Durante a manha tinha percorrido meia-dúzia de metros de um trilho que dava entrada na selva. Nessa dia parou de chover ao por do sol. Aquele por do Sol rápido e quase instantâneo dos trópicos. Lembro-me que jantei, depois bebi um trago de aguardente misturada no chá. A minha companheira foi-se deitar e eu fiquei sem sono.
Ali a ouvir as rãs, os insectos, os píos e os gritos das criaturas da noite. Fez-se tarde e eu sem vontade de dormir. Terá sido por curiosidade ou outro qualquer perverso instinto de procura, ou vertigem; nem sei eu sei porquê, mas fui. Meti-me pelo trilho que percorri durante o dia.
O caminho até à selva pareceu-me muito mais comprido. Estava uma noite clara de quarto minguante como a de hoje e eu levava uma lanterna apagada, daquelas que se põem na cabeça. Tinha as mãos nos bolsos e botas calçadas. Os pássaros da noite a piarem e os insectos a zumbir. Quando passei a vedação da quinta e entrei na mata. E deixei de ver. O preto escuro profundo. Escuridão total. Acendi a lanterna e imediatamente todos os bichos se calaram.
Continuei a andar. Mas já não ia sozinho.
Caminhava com o medo. Um medo infundado e idiota do que podia estar. O medo intenso do silencio escuro que me envolveu para lá do circulo da luz branca do led.
O medo entrou-me entre a camisola fina de algodão e o corta-vento impermeável e colou-se-me às costas e ao peito. Continuei mais uns cinco minutos pelo momentâneo túnel de luz que lanterna na cabeça fazia à minha frente. Depois parei.

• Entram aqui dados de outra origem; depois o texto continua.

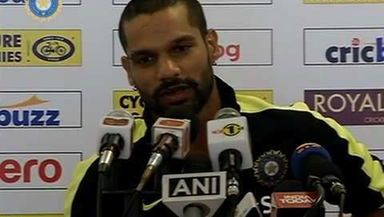 SL vs India, 1st Test - Day 2: Shikhar Dhawan press conference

Sentei-me num tronco apodrecido, acendi um cigarro e apaguei a lanterna.
Com a nicotina a circular tentei desmontar o medo. Medo de que? Do escuro? Do silencio? Do desconhecido?

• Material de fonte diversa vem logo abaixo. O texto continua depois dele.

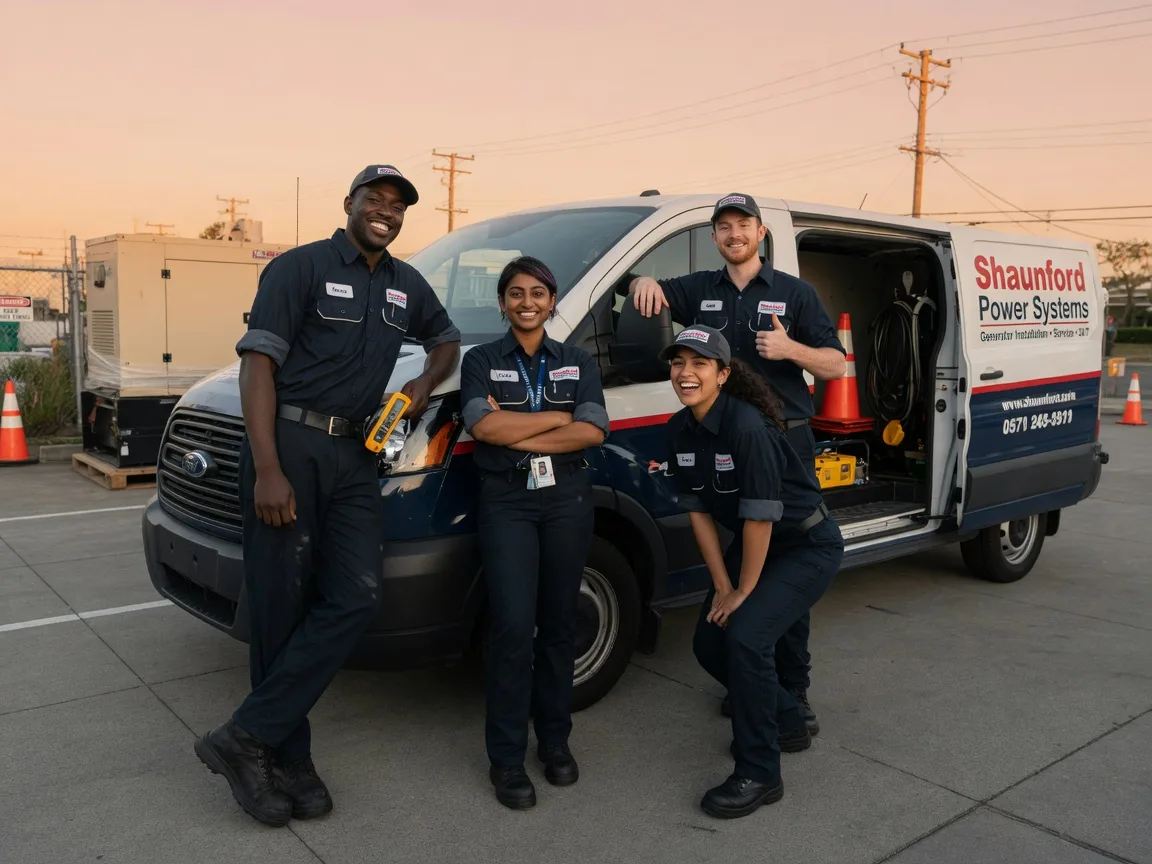 Generator Installation company in Sultana, CA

À minha volta os bichos da selva calada, recusaram responder.
Apaguei o cigarro na sola da bota, guardei a beata na algibeira, contei ate cem para provar nem eu sei o quê a mim mesmo. Depois acendi a lanterna e voltei.
Ao aproximar-me da casa, as rãs e os insectos retomaram o canto e o medo dissipou-se.
Senti-me estúpido e fiquei sentado ao relento a pensar. Percebi que era o silencio que me assustava.
O silencio é o pai do medo.
Mais, muito mais que o escuro.
Inventou-se a musica para combater o medo.
Aprendi isso nessa noite.
Passaram uns anos valentes. Mas nestes dias atípicos que todos vivemos, às vezes, à noite, oiço o medo.
Quando toda a cidade se recolhe nas casas fechadas.
Quando a noite fica vazia de sons. Só o zumbido do frigorífico a acompanhar a madrugada.
Vejo os meus amigos a publicarem piadas nas redes sociais. E trocamos anedotas. E aparecem passatempos. E trocamos receitas. E partilhamos erotismo e pornografia. E tocamos canções uns para os outros. E dizemos parvoíces.
E fazemos bem.
É tudo o barulho para espantar o medo.
São mamas, cús, pilas e receitas de bolos e assados. Tudo para enxotar o medo.
Para afugentar este cabrão deste medo que chega no silencio da noite e fica até começarem a circular os primeiros carros que nos trazem o sono.